Event Horizon: This is the "point of no return" around a black hole. It's not a physical surface, but a boundary in spacetime. Anything that crosses the event horizon, including light, cannot escape the black hole's gravitational pull. In the simulation, it is represented by the central black sphere.
Accretion Disk: The glowing, turbulent disk of gas and dust that orbits the black hole. As matter gets closer, it speeds up and heats up due to friction, causing it to glow intensely. The brightness is not uniform; the side of the disk moving towards the observer appears brighter (Doppler beaming).
Spacetime Fabric: According to Einstein's theory of General Relativity, massive objects warp or curve the fabric of spacetime around them. This curvature is what we perceive as gravity. The simulation shows this as a "gravitational well," where the grid is bent downwards by the black hole's mass.

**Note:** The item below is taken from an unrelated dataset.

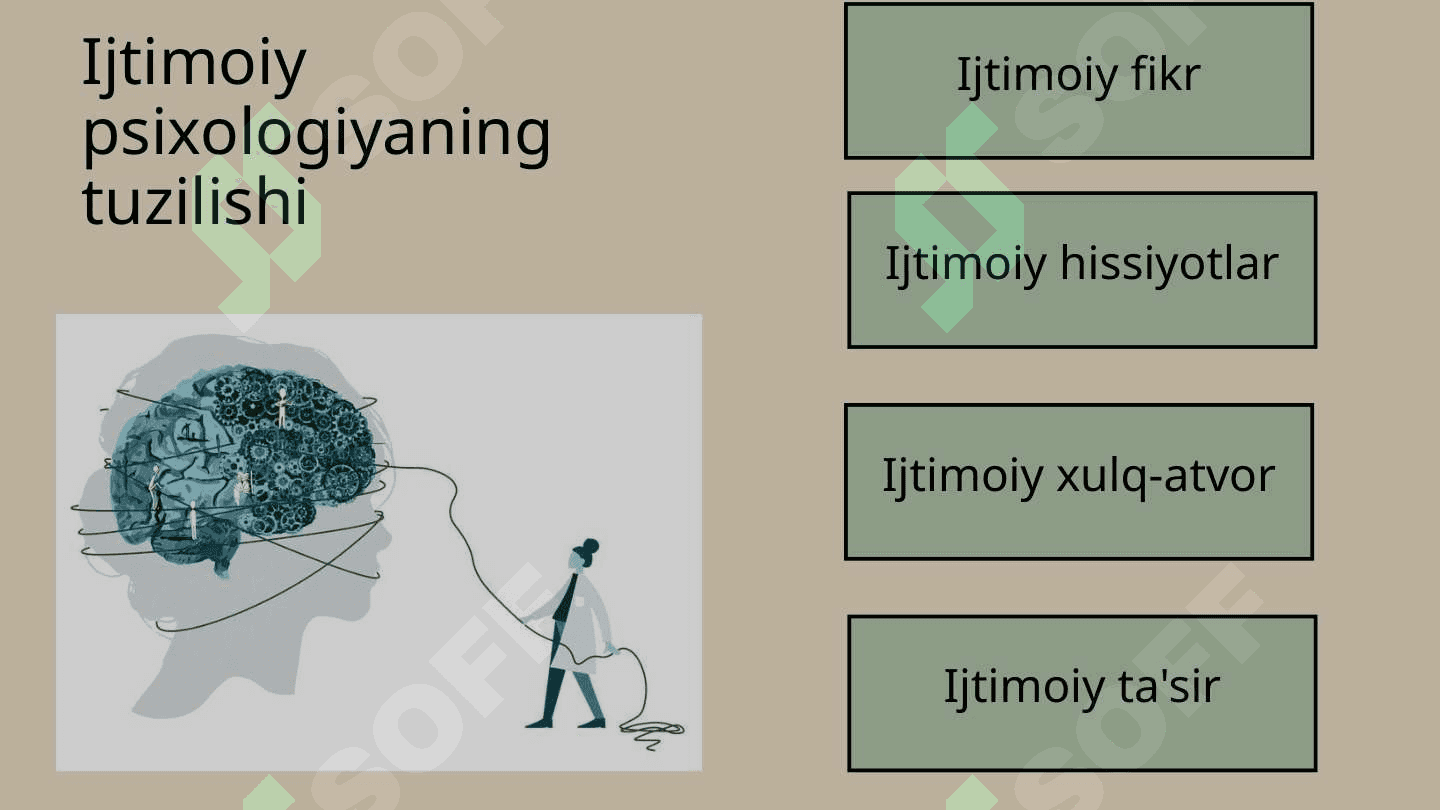 Ijtimoiy psixologiyada shaxs va jamiyat 3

Gravitational Lensing: The black hole's immense gravity bends the path of light. This is why you can see a bright ring warping over the top and bottom of the black holeāit's the light from the far side of the accretion disk being bent into our line of sight.
Magnetic Fields & Polarization: The accretion disk generates powerful, twisted magnetic fields. These fields align light waves in a specific pattern, a property called polarization. The "Polarized Light View" simulates how telescopes like the EHT can map these magnetic fields by observing the polarized light, which appears as swirling patterns.